Mercredi, Axios a rapporté que les États-Unis étaient proches de finaliser un protocole d’accord d’une page pour mettre fin au conflit, selon des sources gouvernementales. Ce protocole pourrait marquer le début d’une période de 30 jours de négociations visant à rouvrir le détroit d’Ormuz, à limiter le programme nucléaire iranien et à lever les sanctions américaines. Cependant, la réaction prudente des marchés indique que rien n’est encore réglé.
Les États-Unis attendent une réponse de l’Iran sur plusieurs points clés dans les prochaines 48 heures. Lors d’une annonce sur les réseaux sociaux, Trump a déclaré que des « progrès considérables » avaient été réalisés, tout en précisant que le détroit resterait bloqué pendant cette suspension.

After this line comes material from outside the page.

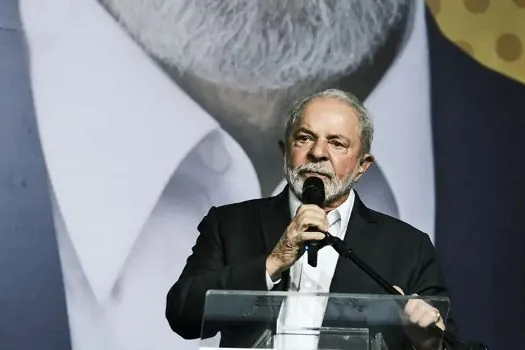 Lula diz que ministro da economia terá compromisso social e responsabilidade fiscal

La situation reste tendue, notamment après que l’armée iranienne a affirmé avoir tiré sur des « destroyers ennemis », ce que le CENTCOM a démenti, confirmant seulement des tirs de missiles de croisière sur des navires américains. Les Émirats arabes unis ont également rapporté des attaques contre un pétrolier, sans faire de blessés.

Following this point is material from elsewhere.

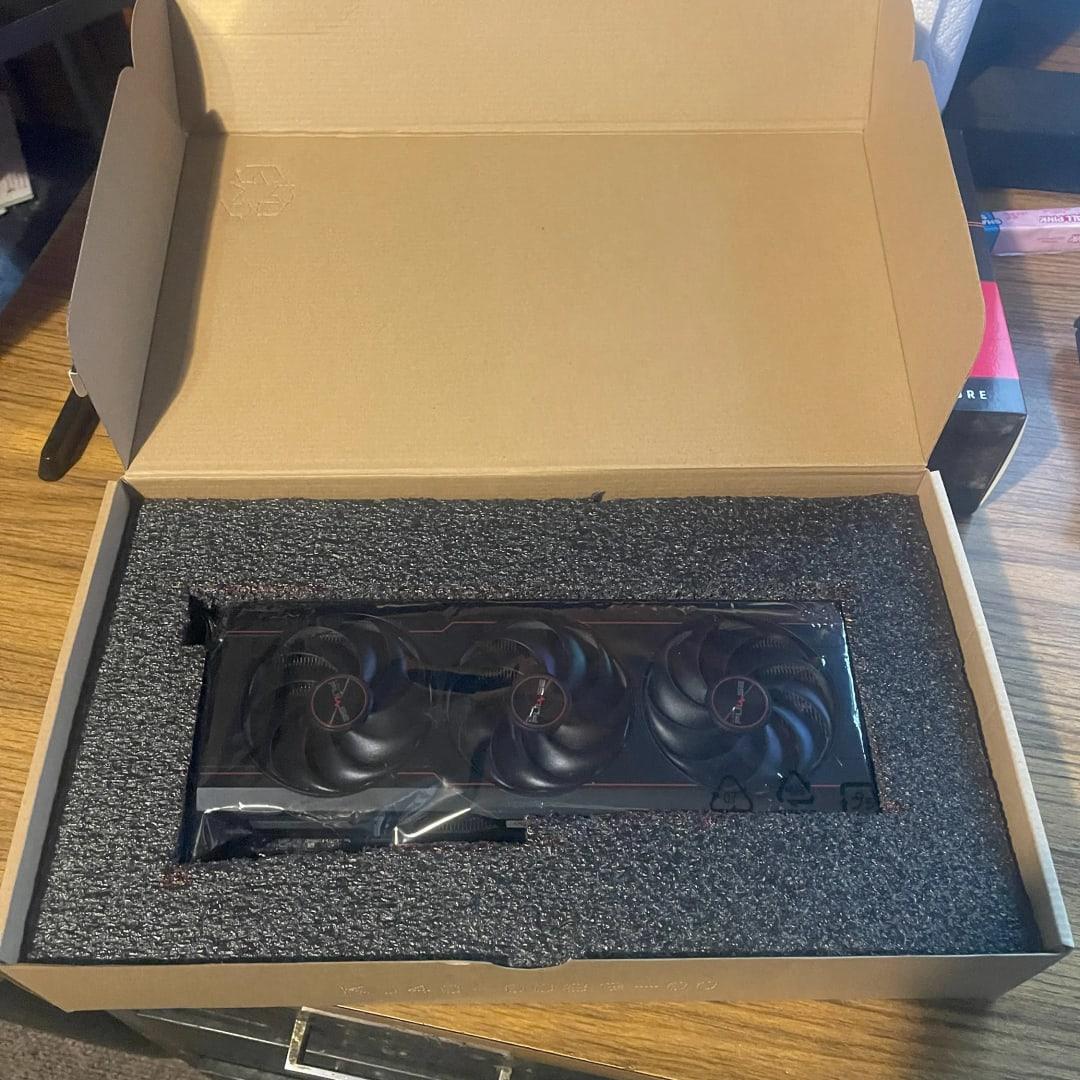 Sapphire Pulse RX 6800 16GB | Slightly Used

Sur le plan technique, les contrats à terme sur l’or, après avoir commencé la semaine à 4 644 $, ont testé un plus haut à 4 733,86 $ et un plus bas à 4 510,10 $. Actuellement, ils s’échangent autour de 4 696 $, sous la résistance à la moyenne mobile à 9 jours (4 744 $) et tentant de maintenir le support à la moyenne mobile à 20 jours (4 673 $).
La recherche de stabilité dans cette situation incertaine est cruciale, car les marchés pourraient réagir négativement à tout signe d’escalade. Les analystes s’accordent à dire que même si un accord de paix est en vue, les impacts sur les marchés de l’énergie pourraient perdurer pendant plusieurs mois.